Voltando ao processo, depois da ‘Detecção’ (informadores/observação directa), ‘Avaliação’, ‘Selecção’, ‘Convencimento da Família’, vem então a fase da ‘Contratação’. É a fase mais difícil. Acontece ao mesmo tempo da fase do ‘Convencimento da Família’. Fechar e assinar o menino, é a fase mais difícil. Mas, atenção, o trabalho do Departamento de Recrutamento, não se esgota aqui. Nós, no Sporting Clube de Portugal, continuamos a acompanhar o atleta e a família.

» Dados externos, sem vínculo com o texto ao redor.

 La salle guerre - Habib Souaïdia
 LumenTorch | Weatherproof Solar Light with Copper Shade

Acompanhamento à Família e ao Atleta: são muuuitos atletas. Este acompanhamento tem de ser feito, não vou dizer que 24h por dia, porque são mesmo muitos atletas, mas 24h por dia, nós estamos a fazer acompanhamento dos atletas. Para fidelizá-lo ao clube, porque eles estão sempre a ser assediados/tentados pelos outros clubes – porque eles são os melhores – por isso, é fundamental manter uma presença constante na vida destas famílias. É um trabalho muito, muito, grande. Desde o momento em que se detecta o atleta, até ao momento em que o atleta sai do clube, nós estamos sempre presentes na sua vida. Sempre. Até mesmo depois de saírem do clube, muitas vezes.

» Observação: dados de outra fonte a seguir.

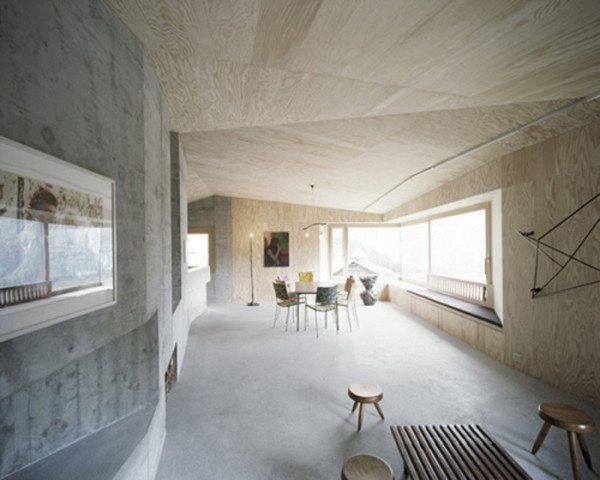 Interior Design Ideas: 12 Concrete Interiors Photo #interior #concrete #design #decor #decoration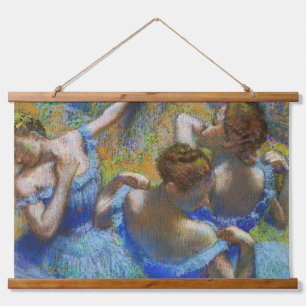 Tapisserie Suspendue Edgar Degas - Danseuses bleues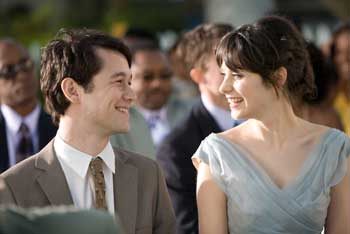 Joseph Gordon-Levitt, Zooey Deschanel star in (500) Days of Summer. (Courtesy photo)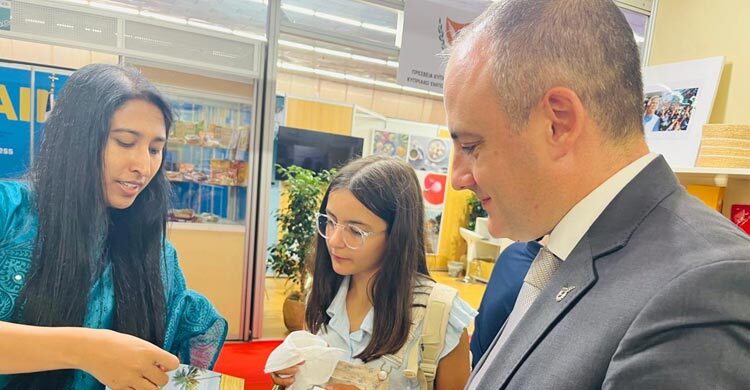 গ্রিসের থেসালোনিকি আন্তর্জাতিক বাণিজ্য মেলায় বাংলাদেশ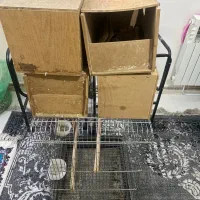 ۴عدد لونه با ی قفس|لوازم جانبی حیوانات|تهران, افسریه شمالی|دیوار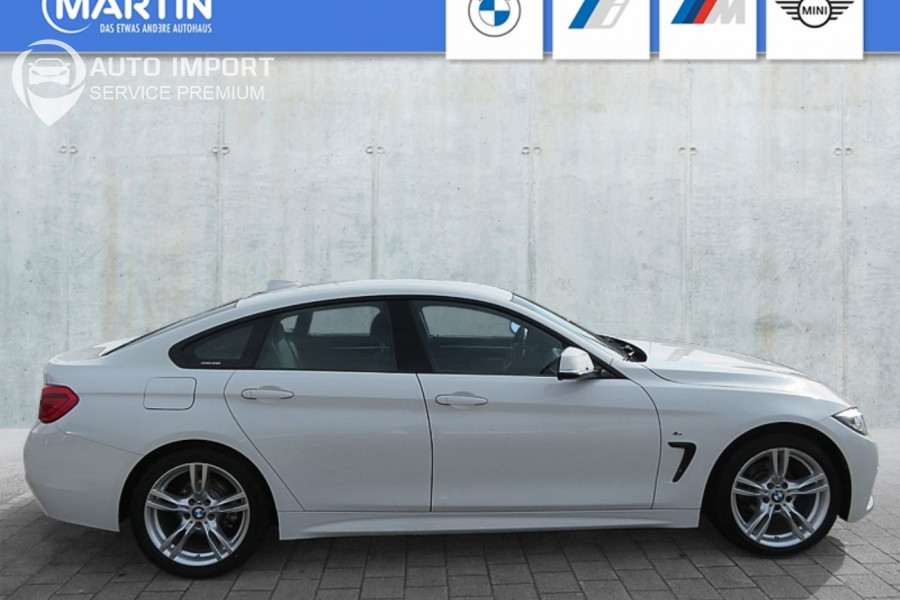 importer une BMW 420i Gran Coupé M d'allemagne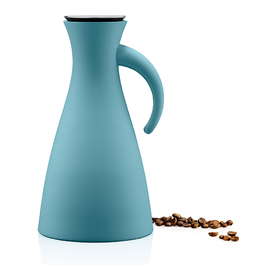 Кофейный вакуумный кувшин 1 л светло-синий Kaffee-Isolierkanne Eva Solo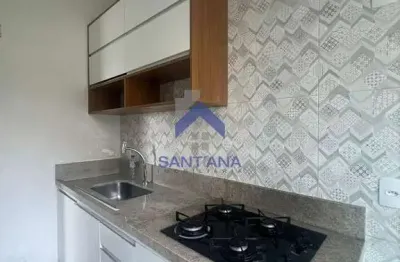 Apartamento de 48m² com 2 dormitórios no condomínio le village i no campos elíseos em taubaté/sp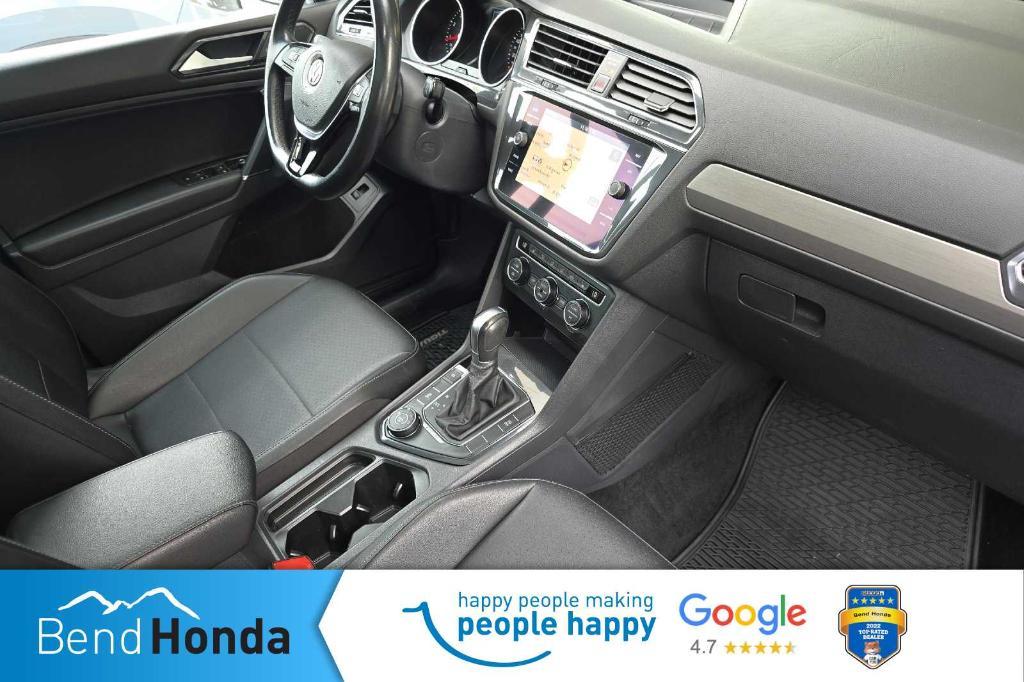 used 2018 Volkswagen Tiguan car, priced at $16,990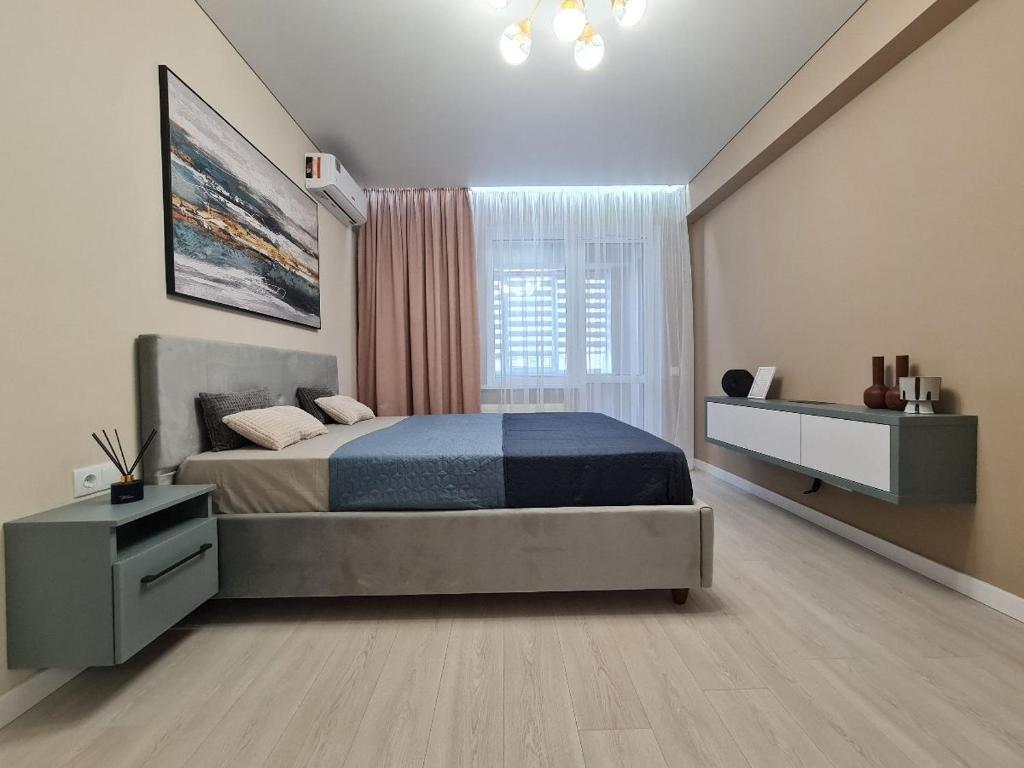 Krevet ili kreveti u jedinici u okviru objekta Holly Apartment
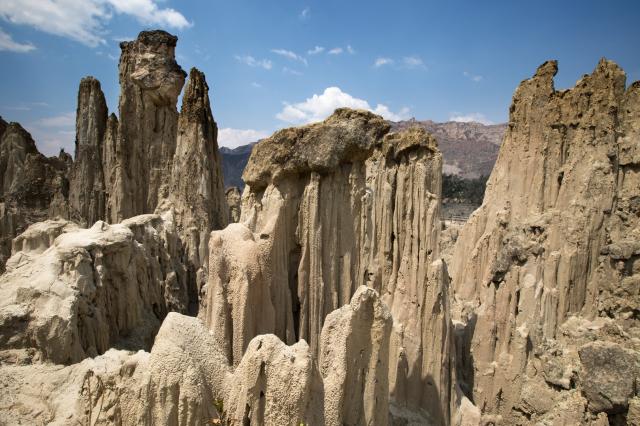 <p>Bolívie - přiroda čaruje ve Valle de la Luna u La Pazu - fot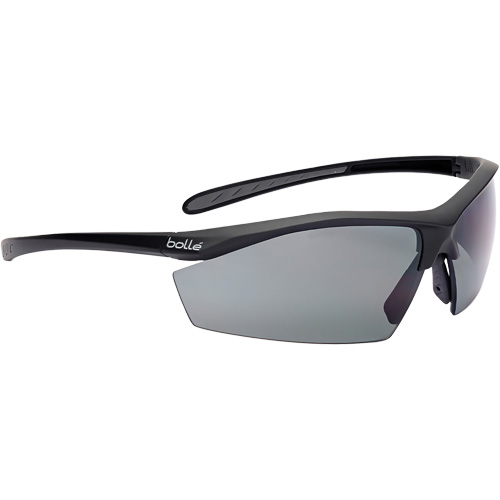 Sentinel Ballistic Protection Safety Glasses, Smoke Lens, Anti-Fog/Anti-Scratch/Polarized, ANSI Z87+ Helyx Safety & Industrial Supplies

Depois deste processo todo, podemos dizer que o Departamento de Recrutamento e a área técnica, chocam muitas vezes. E chocam porque uns querem descobrir talentos novos (recrutamento) e a área técnica quer desenvolver os talentos que tem, ora… se se colocam novos meninos dentro das equipas, muitas das vezes pode ser sentido como estar a pôr em causa o trabalho do treinador, como se ele estivesse a fazer um mau trabalho com os meninos que estão sob a sua alçada… o treinador está ligado emocionalmente aos meninos da equipa. Se eu sou treinador, e há outro da mesma idade que vai entrar ali, se calhar, pode-se estar a pôr em causa o meu trabalho. É fundamental ter uma sinergia bem oleada, para que treinadores se sintam confiantes em relação ao trabalho que estão a fazer e aceitem os novos meninos que os coordenadores decidam integrar. Ninguém quer correr o risco de o próximo 'Cristiano Ronaldo' aparecer do outro lado.
Como estive nas duas áreas, compreendo as dinâmicas específicas da área do ‘Recrutamento’ e da área técnica, profundamente.

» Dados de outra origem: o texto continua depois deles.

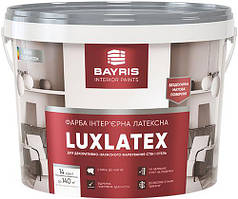 Фарба інтер"єрна  латексна LUXLATEX BAYRIS  14кг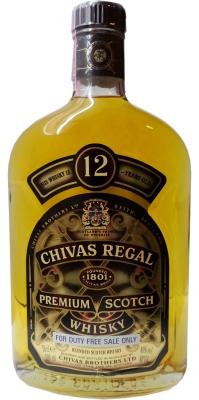 Chivas Regal 12yo 40% 500ml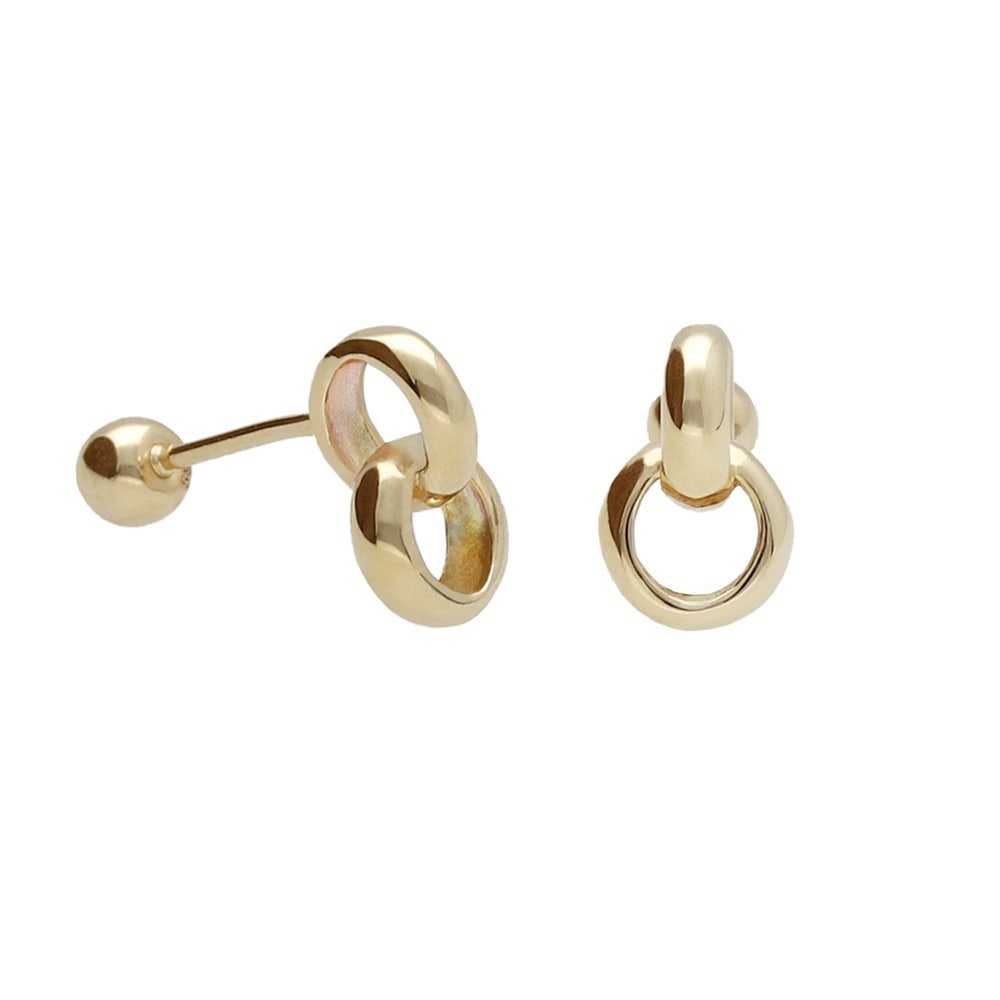 Double Ring Piercing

Todos os meninos que entram no Sporting Clube de Portugal são excepcionais e vão ser lapidados pela área técnica. Mas será que todos atingem o seu potencial máximo? É que o treinador tem um papel fundamental… tem de saber muito bem como aplicar o quê, no momento certo. No Sporting, trabalhamos para ter atletas do meio da tabela para cima, não do meio da tabela para baixo. Trabalhamos, para ter jogadores de Liga dos Campeões.
Imagem: João Nunes, ao serviço do Sporting Clube de Portugal
**Devo salientar – CAL – que João Nunes fez questão de sublinhar já em momento pós gravação de áudios-resposta, que não seria justo no imediato ir para um adversário directo (SLB/FCP); tem consciência plena de que muitos meninos seguir-lhe-iam os passos mas não deseja ver o projecto no Sporting ressentir-se nessa extensão.